Chinese developer of video-editing apps Versa concluded funding in which it secured tens of millions of dollars that was led by New York-listed Chinese video platform Bilibili, Versa announced earlier this week, while declaring the launch of its ‘Bugu Editing’ app, which is tailored to edit and produce short videos and mainly serves Bilibili content uploaders.
Almost all [short] video platforms are equipping themselves with supporting editing tools suitable for creating their content, e.g. Douyin and Kuaishou respectively own Jianying and Kuaiying, and Douyin’s parent Beijing ByteDance Technology even specially debuted the overseas version of Jianying, Viamaker, exclusively for foreign users. Tencent Holdings’ instant-messaging app WeChat’s video-editing tool is Miaojian, while iQiyi, the video service provider backed by China’s search engine giant Baidu, launched its Suikechuangzuo [‘create-on-the-fly’] app.

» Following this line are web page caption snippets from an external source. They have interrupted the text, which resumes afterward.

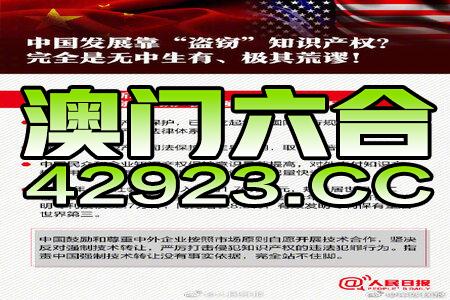 2024新澳門正版精準(zhǔn)免費大全 拒絕改寫,深層數(shù)據(jù)分析執(zhí)行_tShop25.42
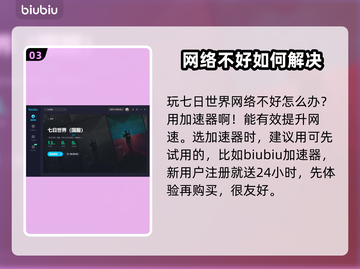 七日世界💡大型激光指示器获取攻略来啦！截图4
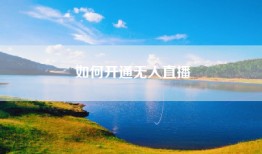 如何开通无人直播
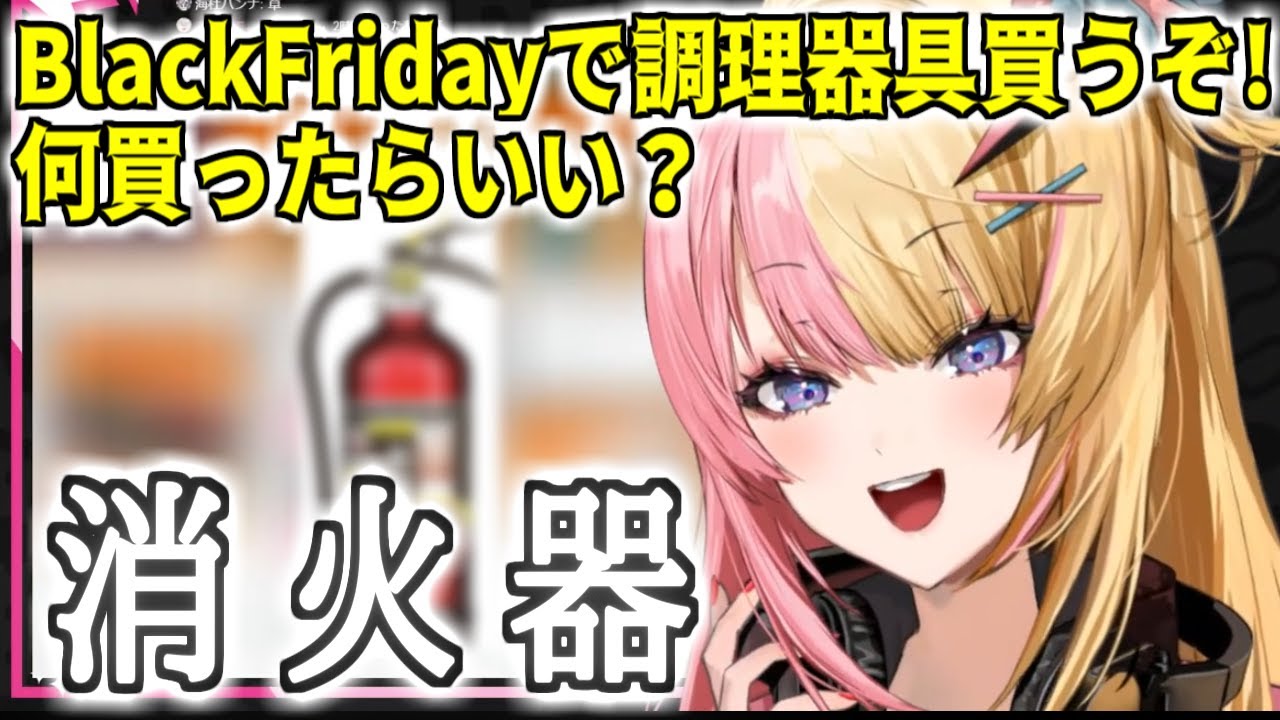 【BlackFriday】調理器具もいいけど…【虎姫コトカ/にじさんじ/切り抜き】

“Bugu Editing is of the same significance to Bilibili as Jianying is to short video app Douyin [the Chinese alter ego of TikTok],” said Cai Tianyi, chief executive of Versa, to Yicai Global, adding, “We will directly rival Jianying and outperform it.”
Content creators can produce their videos more conveniently and efficiently with the help of editing software and upload it at the click of a button, so as to form a content-based ecological cycle that bonds tools and platforms to one another.
Across Platforms
Many videos on Bilibili are produced with Jianying and many production methods of Douyin’s videos are also applied on the Shanghai-based video-streaming platform’s signature scrolling bullet comments.
Bilibili’s user preferences and in-community ecology, however, differ from Douyin’s, according to Cai, who said Bilibili is calling for an editing tool that responds more to the platform’s internal logics and origin to directly compete in the market.
The emerging short-video market has triggered savage competition among editing tools. The hundreds of video-editing apps now available on iOS system’s app store share similar functions.
“Most of editing apps on the market are Jianying clones, whereas editing software must feature exclusive functions that work if it intends to outdo peers … and this is actually a test targeting the product’s computing and engineering capabilities,” Cai further explained.
Bugu Editing plans to recoup its costs and turn a profit by making the product’s major service free but charging users for its value-added ones, Cai stated, adding it will also gain on the business end by granting technology license to Bilibili and Tencent Video.